Человеческая часть физиономии киборга выражала полнейшую растерянность.
— Спонсоры накидали достаточно, — продолжил добивать доктор Василия, — но кто-то сдал код твоей накопительной ячейки у администраторов Эввента. Ну и кредиторы решили взыскать хотя бы что сумеют.
— Стервятники, мля! — с досадой выдал киборг, — персональные данные моей цифровой ячейки знал только Слайгром.
— Мне можешь об этом не рассказывать, — совсем не сердобольно произнёс док, — я бы с удовольствием в твоих человеческих останках порылся, но к сожалению, даже на них свои права заявили кредиторы.
— Док, если я не найду средства, сколько мне осталось? — озадаченно поинтересовался Василий, — униду я протяну?
Кхайтсе отрицательно покачал головой.
— Половину униды? — продолжил допытываться киборг.
— Очень маловероятно, — ответил док и пропал за закрывшейся дверью.
— Сочувствую, — не зная, как реагировать на ситуацию, произнёс Кир.
— Пустое, — как-то враз смирившись со своей участью, ответил Василий, — подохну и будет. Я прожил очень долгую жизнь. Так что даже не парься.
— Слушай, а ты вообще давно на станцию попал? — постарался отвлечь киборга от неприятных мыслей Кир.
— Давненько, — поддался на провокацию земляк, — почитай в сорок третьем с поля боя меня и выдернуло сюда.

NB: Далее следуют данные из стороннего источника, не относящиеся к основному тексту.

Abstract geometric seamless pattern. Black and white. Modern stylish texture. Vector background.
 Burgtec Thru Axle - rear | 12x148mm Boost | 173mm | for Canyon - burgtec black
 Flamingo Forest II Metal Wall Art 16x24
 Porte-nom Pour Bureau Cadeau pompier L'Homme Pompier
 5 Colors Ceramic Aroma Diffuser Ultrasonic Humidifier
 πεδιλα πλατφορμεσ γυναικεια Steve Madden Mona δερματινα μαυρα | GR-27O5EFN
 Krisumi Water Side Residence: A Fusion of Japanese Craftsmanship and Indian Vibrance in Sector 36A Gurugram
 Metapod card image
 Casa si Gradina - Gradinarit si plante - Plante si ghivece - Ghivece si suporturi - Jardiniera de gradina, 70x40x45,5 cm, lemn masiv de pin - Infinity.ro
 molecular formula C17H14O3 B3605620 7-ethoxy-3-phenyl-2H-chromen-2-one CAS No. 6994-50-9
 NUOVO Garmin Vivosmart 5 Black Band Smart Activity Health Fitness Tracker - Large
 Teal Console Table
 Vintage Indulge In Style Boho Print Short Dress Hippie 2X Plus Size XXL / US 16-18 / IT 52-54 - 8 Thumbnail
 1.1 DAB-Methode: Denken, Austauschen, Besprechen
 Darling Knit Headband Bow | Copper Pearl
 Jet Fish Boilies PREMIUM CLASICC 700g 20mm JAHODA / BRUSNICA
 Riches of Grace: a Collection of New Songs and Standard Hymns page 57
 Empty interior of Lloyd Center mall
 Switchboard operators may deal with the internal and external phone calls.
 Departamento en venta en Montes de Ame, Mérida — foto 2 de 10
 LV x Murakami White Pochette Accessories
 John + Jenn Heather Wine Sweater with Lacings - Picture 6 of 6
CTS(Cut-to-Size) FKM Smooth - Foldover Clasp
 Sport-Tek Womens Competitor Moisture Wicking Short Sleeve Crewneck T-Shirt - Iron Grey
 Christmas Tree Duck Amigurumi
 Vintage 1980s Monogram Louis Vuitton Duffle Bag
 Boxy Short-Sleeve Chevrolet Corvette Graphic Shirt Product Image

— Слушай, тут ещё один наш землячок имеется, на более высоких уровнях. И вроде даже он какой-то хороший специалист в одном из мощных кланов, — припомнил наш герой, — его, вроде как, Александром зовут. Может с ним попробовать связаться. Может, он деньгами поможет?
— Знаю я этого Александра, — немного поразмыслив ответил Василий, — Оберштурмбаннфюрер Александр Абфель. Мы с ним вместе попали на эту станцию. Этот фриц скорее на моей могиле спляшет, чем поможет.
— Ни фига себе новости! — слегка обомлел Кирилл, — это самый натуральный обер… как его там?
— Оберштурмбаннфюрер, — повторил Василий, — самый настоящий высокопоставленный СС-овец. Попали мы с ним на Бис в одно время из одной географической точки. Хотя я заочно был знаком с Александором и до этого. Я в своё время очень долго за этим гадом гонялся.
— Серьёзно? Ты гонялся за СС-овцем?
— Долгая история, — наморщил остатки физиономии киборг.
— А ты прям у нас весь занят, — Кир поднялся на ноги и отошёл в сторону от растекающейся лужи масла.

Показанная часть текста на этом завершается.